RE: confirm and fingerprinting issues from Mike O'Neill on 2017-08-28 (public-tracking@w3.org from August 2017)

From: Mike O'Neill <michael.oneill@baycloud.com>
Date: Mon, 28 Aug 2017 16:52:30 +0100
To: "'David Singer'" <singer@mac.com>, "'Matthias Schunter $Intel Corporation$'" <mts-std@schunter.org>
Cc: <public-tracking@w3.org>
Message-ID: <02a501d32015$a86fd620$f94f8260$@baycloud.com>
I think it started being aesthetic but ended up as functional and has probably got a bit out of hand.

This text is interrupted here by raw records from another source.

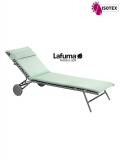 Bayanne bain de soleil terrasse et bord de piscine Lafuma Mobilier Gordes Hedona - Toile coloris jade et Structure coloris titane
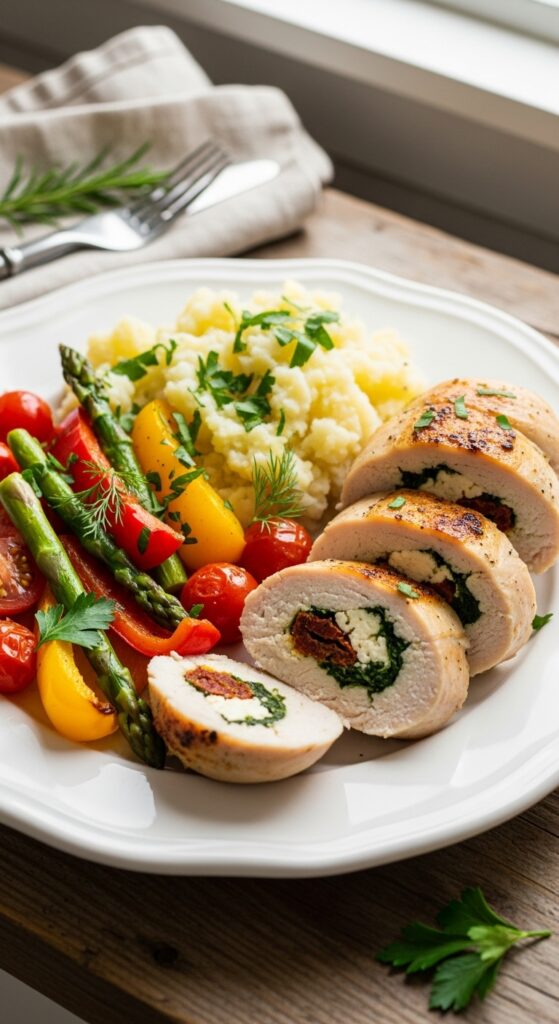 stuffed chicken breast served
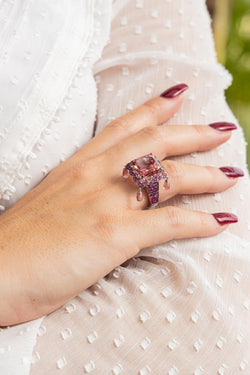 Bague Cocktail BOUCHERON en or blanc et tourmaline - Castafiore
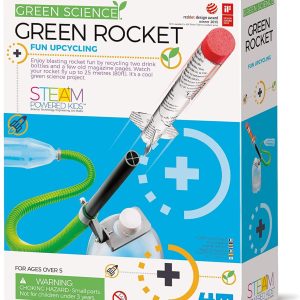 Fun Green Rocket kit for kids: hands-on upcycling education in STEAM disciplines.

Other than just having spent a day implementing the new changes, I for one would not mind going back to the old API. I know it worked (other than the wrinkle you just threw in - but we can fix that).







-----Original Message-----
From: David Singer [mailto:singer@mac.com] 

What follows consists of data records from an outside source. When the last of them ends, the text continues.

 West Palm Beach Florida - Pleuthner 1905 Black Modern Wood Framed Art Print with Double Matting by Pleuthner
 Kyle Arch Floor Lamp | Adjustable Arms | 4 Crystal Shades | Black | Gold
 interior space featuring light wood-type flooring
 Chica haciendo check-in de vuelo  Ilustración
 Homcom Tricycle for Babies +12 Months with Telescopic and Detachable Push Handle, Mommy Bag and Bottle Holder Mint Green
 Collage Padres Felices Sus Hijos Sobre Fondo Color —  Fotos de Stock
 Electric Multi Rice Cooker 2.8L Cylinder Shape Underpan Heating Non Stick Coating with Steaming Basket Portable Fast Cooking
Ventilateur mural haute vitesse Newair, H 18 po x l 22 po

Sent: 28 August 2017 16:04
To: Matthias Schunter (Intel Corporation) <mts-std@schunter.org>
Cc: public-tracking@w3.org
Subject: Re: confirm and fingerprinting issues

I don’t know why we are changing design in these (subtle?) ways at this point. Can you remind me what we were trying to fix?

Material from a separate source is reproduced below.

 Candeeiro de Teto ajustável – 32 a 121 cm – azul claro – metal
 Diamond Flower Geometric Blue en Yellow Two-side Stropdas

> On Aug 25, 2017, at 2:49 , Matthias Schunter (Intel Corporation) <mts-std@schunter.org> wrote:
> 
> Hi Folks,
> 
> my goal would be to satisfy the requirements of the industry in this
> group ;-)
> 
> UNDERSTANDING THE PROBLEM
> 
> I would like to enhance our understanding before converging on a design.
> 
> I understand the fingerprinting risks of UGE for sub-domains
> (b1.site.com, bit2.site.com, ...). Mitigating the risks would be desirable.
> 
> I do not understand why this same risk is not there for the main site.
> 
> I also do not understand why site-wide exceptions should not be allowed
> (I do not see their fingerprinting risk) and I agree that allowing
> google to, e.g., ask for a "youtube.com" UGE in an iframe is a desirable
> use case.
> 
> ENUMERATING POTENTIAL SOLUTIONS
> 
> [1. Keep the old design] - allow UGE also for sub-contexts. This is the
> default unless we reach consensus to change something.
> 
> This would allow web-wide and site-specific.
> 
> One way to mitigate the fingerprinting risk of specific sub-domains in
> this scenario would be to limit the number of patterns that can be
> registered (e.g. 5 patterns should constitute at most 5 bits). This can
> be done as an implementation recommendation.
> 
> [2. Disallow UGE for sub-contexts] This would IMHO break the google
> usecase above, would mitigate the fingerprinting risk for sub-contexts,
> would still allow sites to use this bit-wise mechanism for fingerprinting.
> 
> [3. Only allow web-wide UGE for sub-contexts] This would mitigate
> fingerprinting for site-specific UGE. Since I did not understand why we
> wanted to disallow web-wide exceptions, I do not see a downside.
> 
> 
> DISCUSSION
> - I would appreciate if we continue populating the "understanding" and
> "potential solution" perspectives before picking a given solution.
> 
> By default (unless we reach a new consensus), we will stick to the old
> consensus and will not change the spec fundamentally. If we see a risk,
> I would add a note and see what feedback we receive.
> 
> 
> Any suggestions/input/feedback/solutions?
> 
> 
> Regards,
> matthias
> 
> 
> 
> 
> On 25.08.2017 10:03, Mike O'Neill wrote:
>> Hi Shane,
>> 
>> 
>> 
>> Only some industry.
>> 
>> 
>> 
>> The trend is for subresources to not be able to set a cookies, i.e.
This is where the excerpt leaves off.